I have a proclivity for enjoying (and remembering) random business quotes.    I used to get a kick out of the quotes from Jim Barkdsale (former Netscape and AT&T CEO).  He had a great way of stating the obvious but somehow making it seem profound.  A great example,
    "Of course, nothing happens until somebody sells something." – Jim Barksdale

I am a firm believer that startups CEOs should do their own business development.  It is hard to enough running a startup.  You are constantly juggling between hiring, raising money, providing strategic direction, washing bottles, or whatever.  But, nothing gets a CEO focused on closing business and feeling the progression of your business as building your own sales pipeline.  The immediate feedback you get with a win or a loss is immeasurable.  I know too many CEOs that manage their startups from spreadsheets.  There is no better way to get feedback on your product by being in the front lines.

When you in the early stage of your startup, you don’t have the luxury of having a world-class product management team supporting you.  Being your own salesperson, allows you to think through the real challenges that your own salespeople may be having, too.  An additional benefit is that it makes you sharp.  It makes you smart as an operator and also as a strategic steward to your business.  It will expose things about what you are doing that you simply do not know or understand.  This is helpful for other areas of your operating repertoire like presenting to investors and your Board.  I ran across this great post from Josh Kopelman about how entrepreneurs have a hard time with admitting that they don’t know something.  It is also good practice to be in-front of a customer that simply is smarter than you.  Be willing to say, "I don’t know." 
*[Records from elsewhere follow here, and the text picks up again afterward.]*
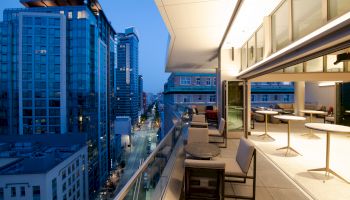 A modern cityscape view from a stylish balcony at dusk, featuring high-rise buildings, outdoor seating, and a well-lit indoor dining area.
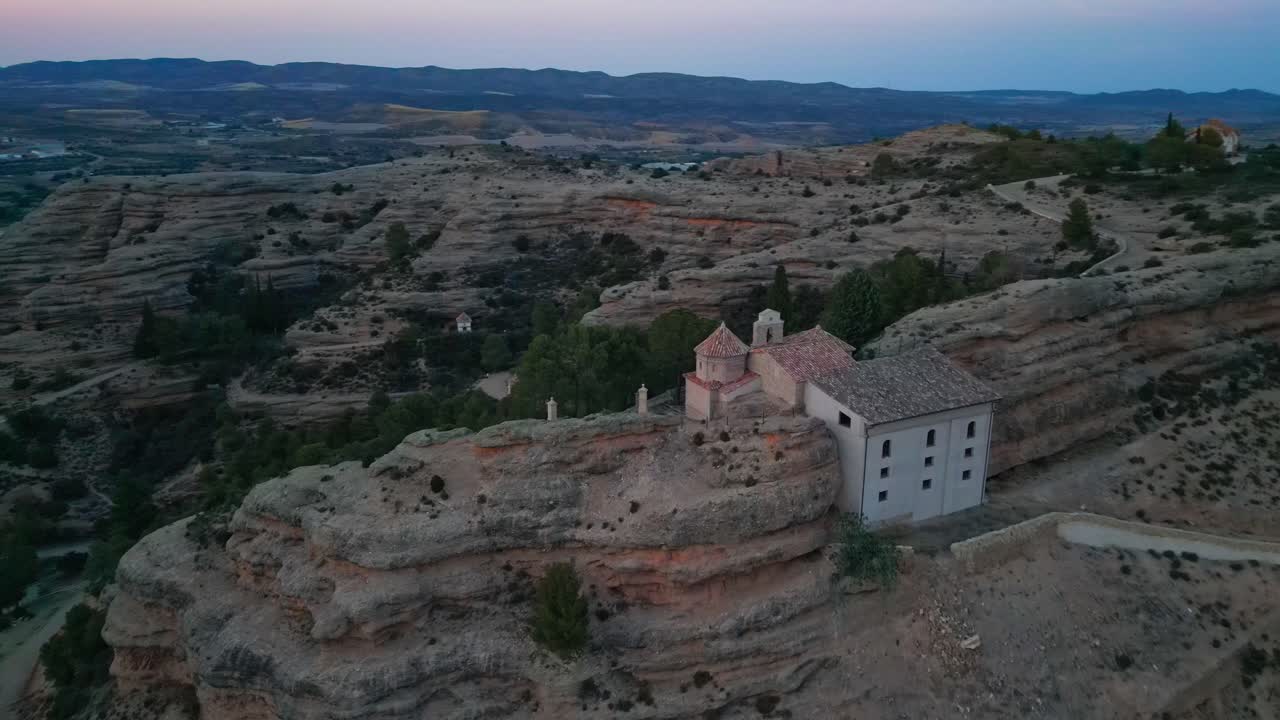 Aerial view of a church on a rocky hill at dusk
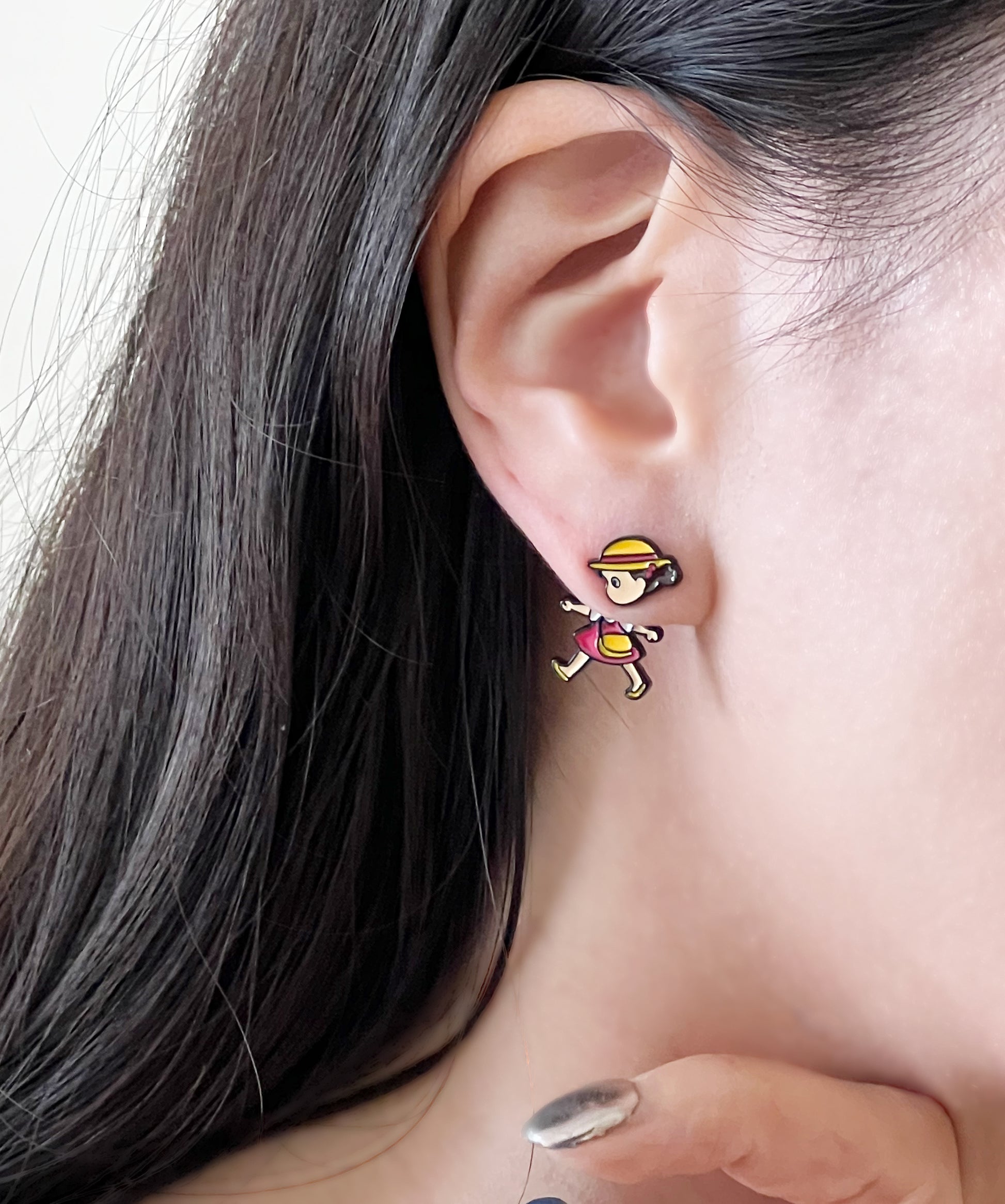Close-up of Mei character earring worn on ear, handmade Studio Ghibli enamel stud jewelry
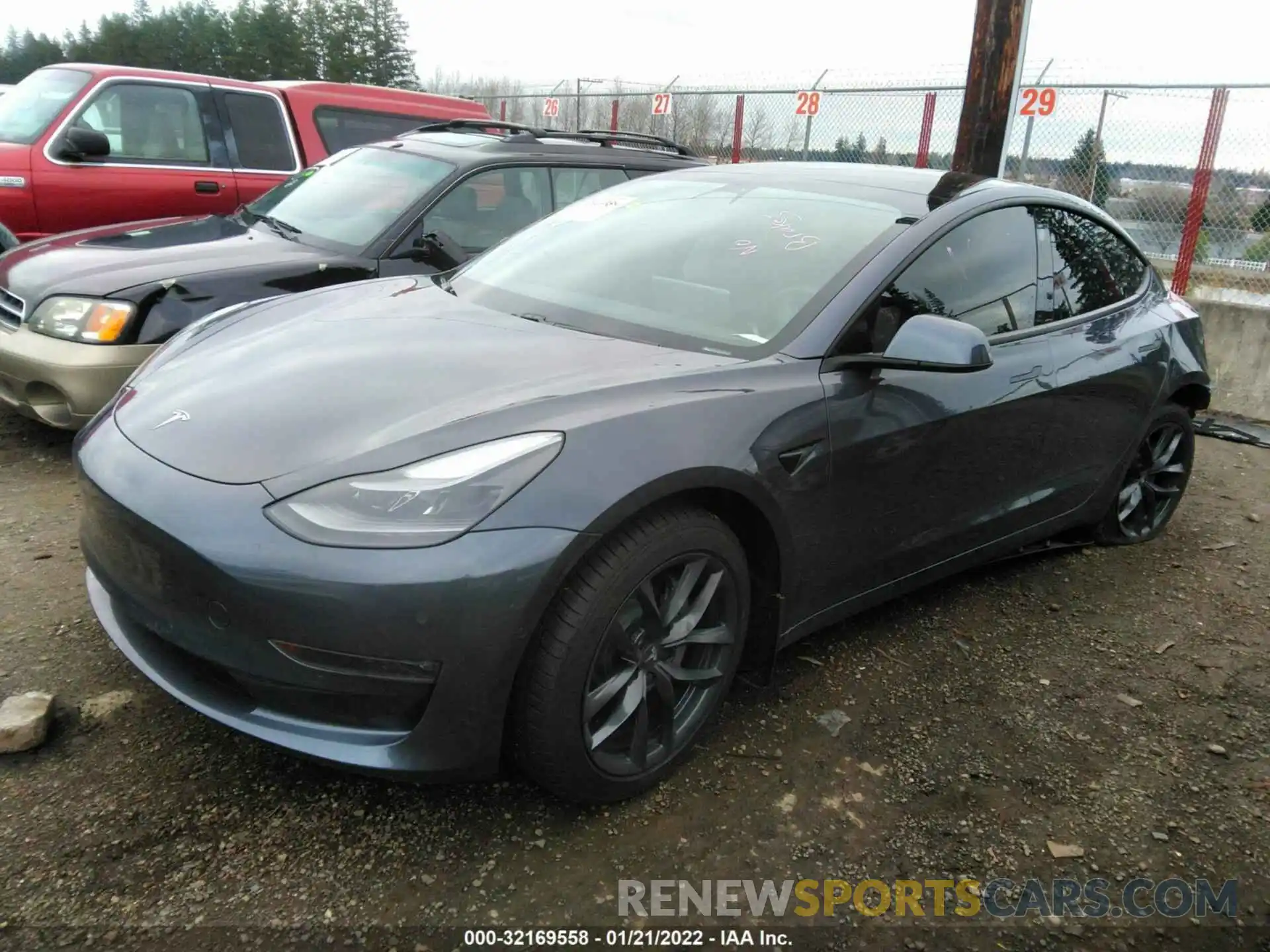 2 Photograph of a damaged car 5YJ3E1EB8MF927995 TESLA MODEL 3 2021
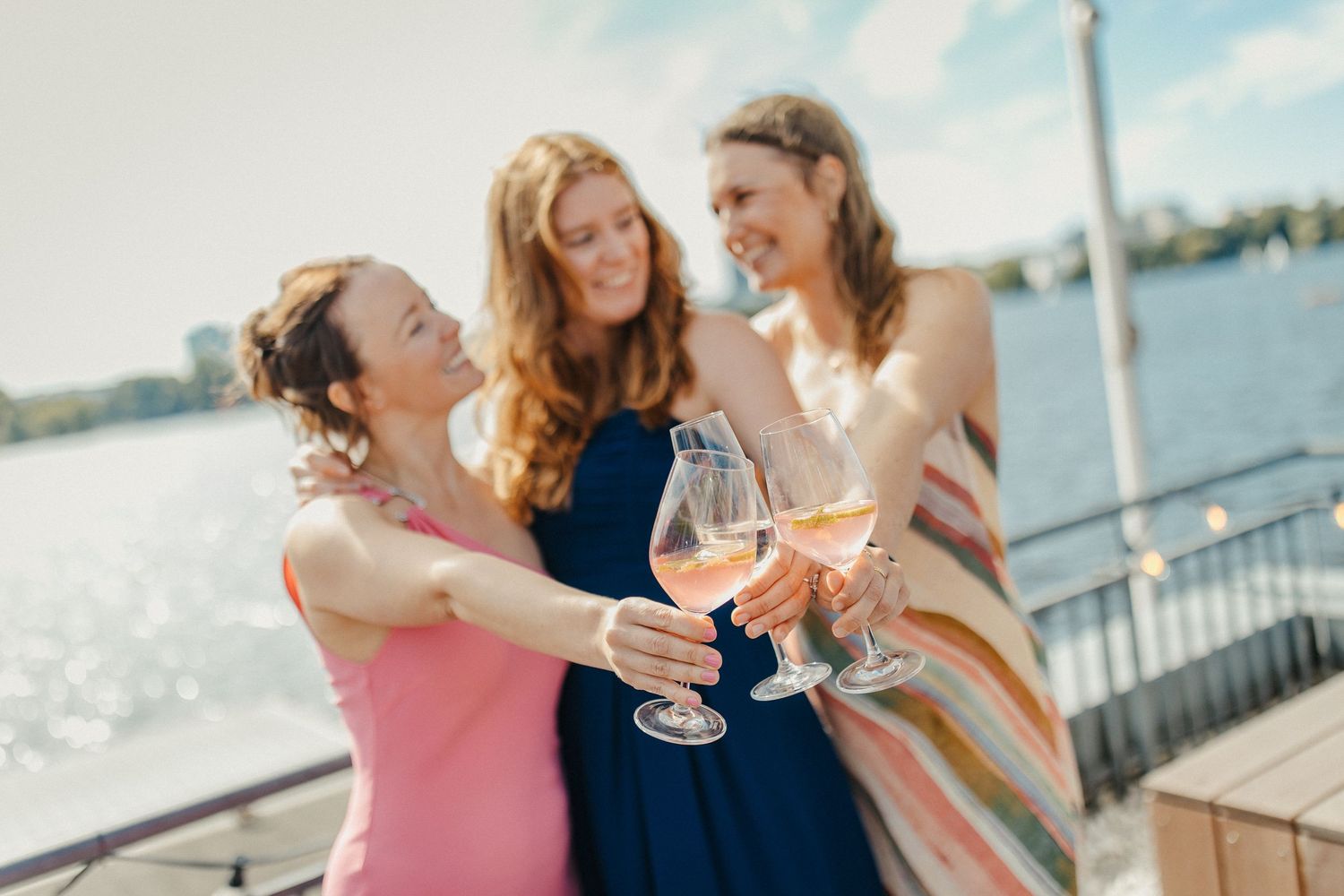 Drei Freunde in bunten Kleidern stoßen mit Weingläsern auf einer sonnigen Terrasse am Wasser an.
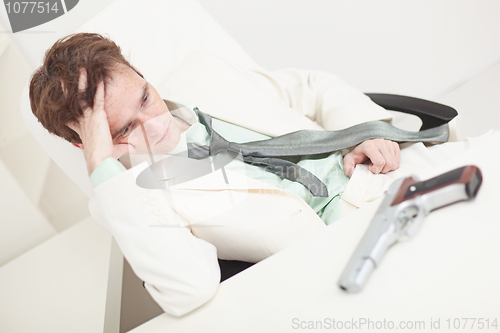 Image of Depressed businessman to prepare for kill oneself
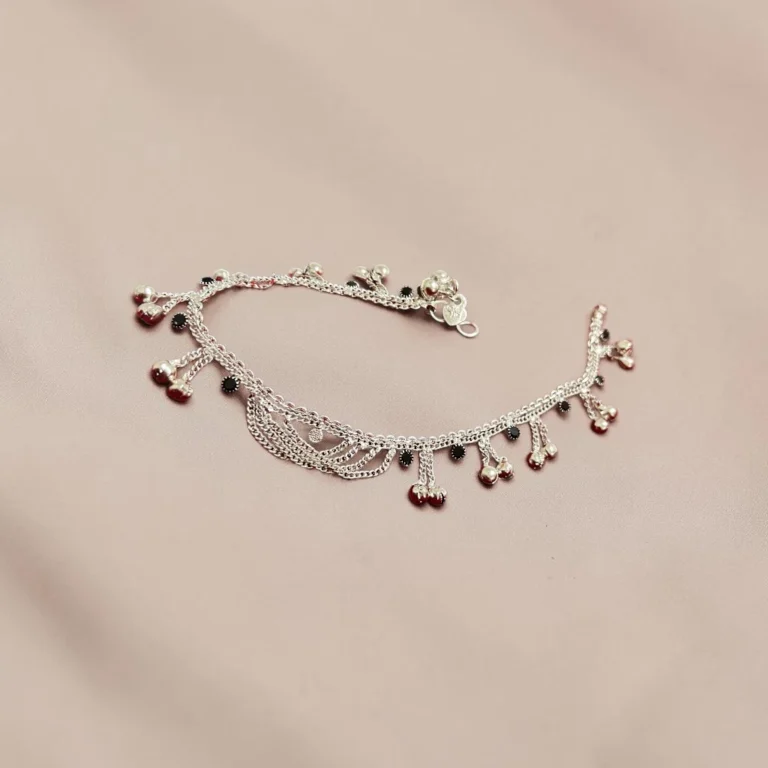 STONIRA-silver-payal-anklets-highlighting-the-layered-chains-and-tiny-silver-bells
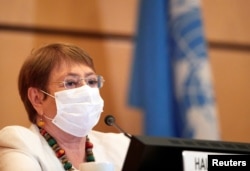 FILE - U.N. High Commissioner for Human Rights Michelle Bachelet attends the 44th session of the Human Rights Council at the European headquarters of the United Nations in Geneva, Switzerland, June 30, 2020.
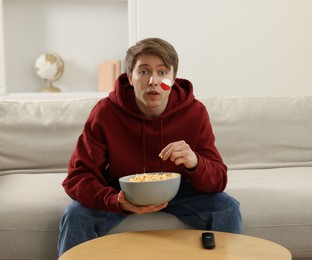 Photo of Sports fan eating popcorn while watching game on sofa indoors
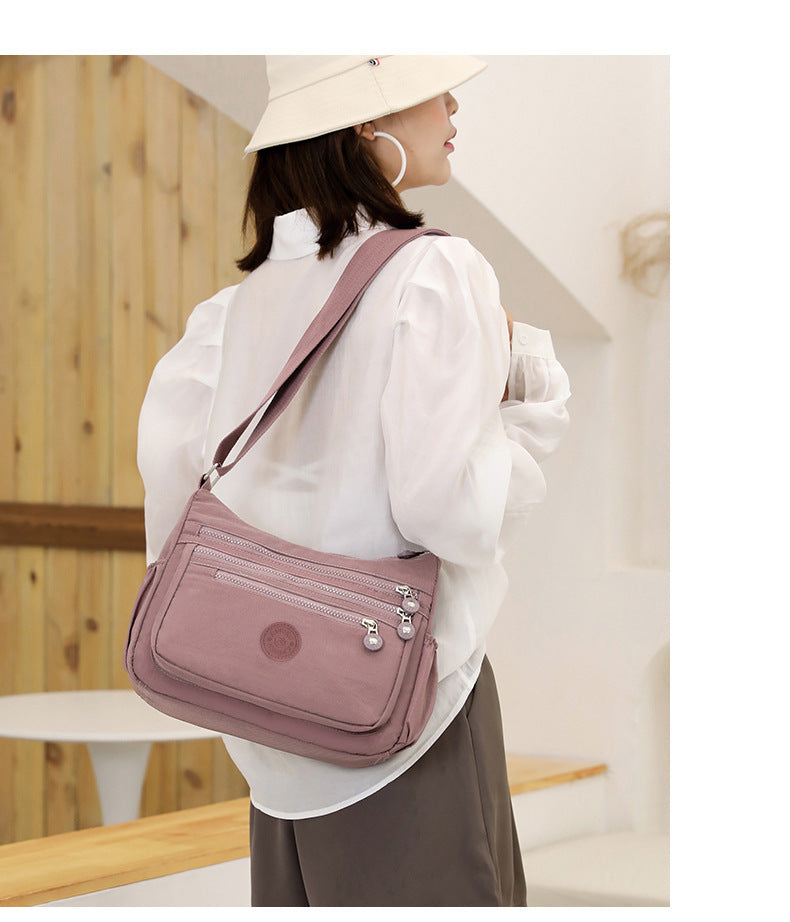 Nylon multi-layer crossbody shoulder bag, dusty pink, adjustable crossbody strap, pockets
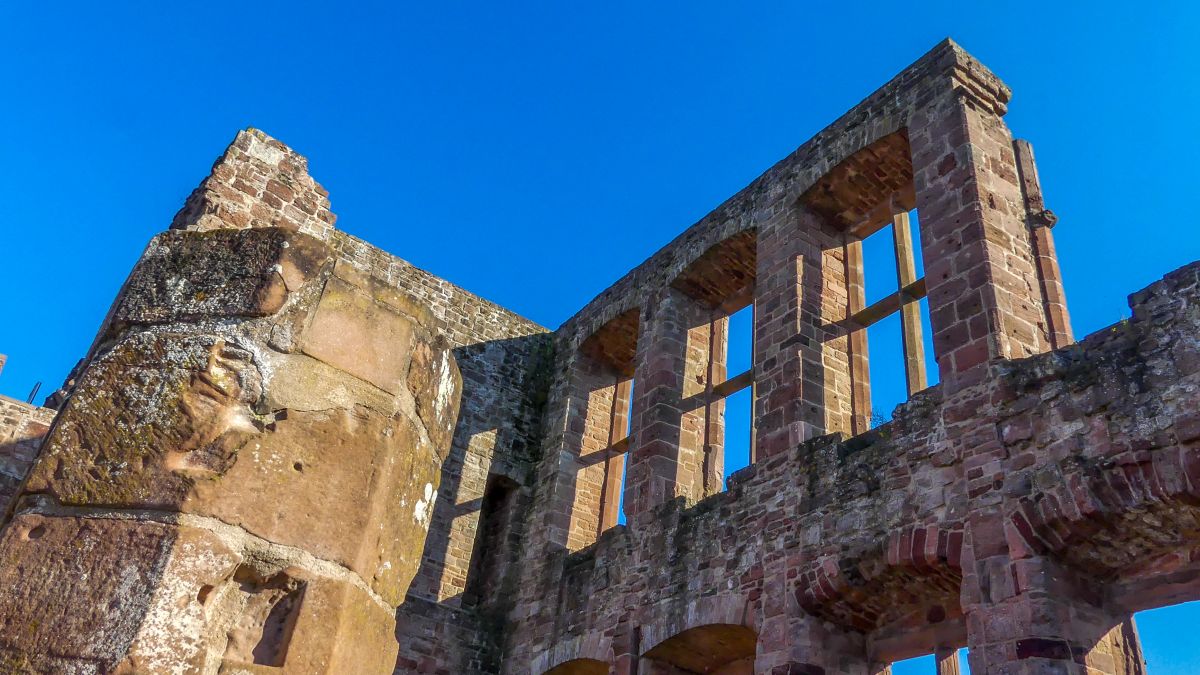 Burgruine vor blauem Himmel.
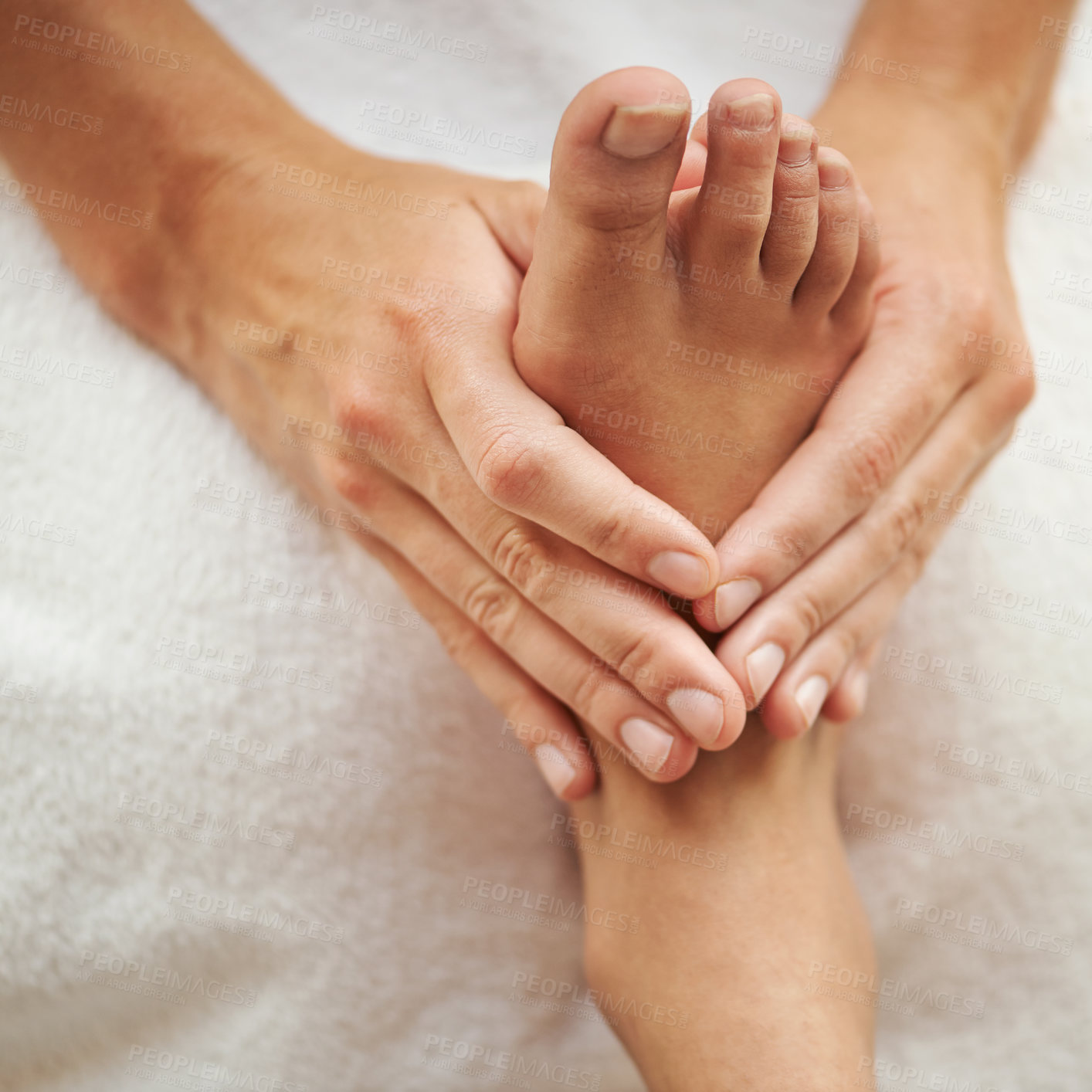 Buy stock photo Cropped shot of a woman's foot being massaged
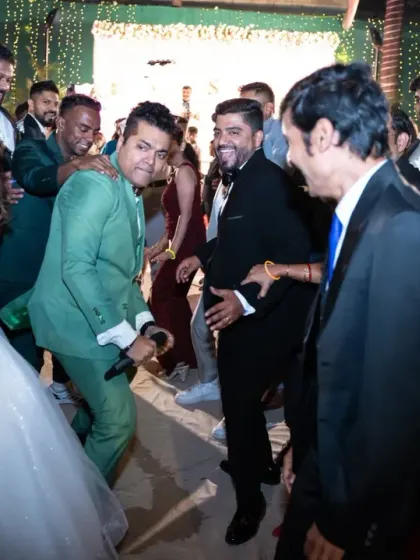 The emcee brings everyone together on the dance floor. Capturing these interactive moments shows the fun atmosphere of the wedding reception.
I recently was in a sales situation with a large potential customer;  I was explaining how our contextual algorithm worked.  The SVP that I was talking to is a truly bright ad rock star and didn’t want my "Fisher Price" explanation, he wanted to know some specific information on how well our system would work thru their ad server against their own Fortune 50 clients.  I got our CTO on the phone and we got the questions answered but it was a stark reminder that I needed to bone up on some technical information.  In the process, I started to think thru how we could better work with exchanges and ad networks by pre-tuning our system to specific clients.  It got me thinking like a brand marketer not just like a performance marketer.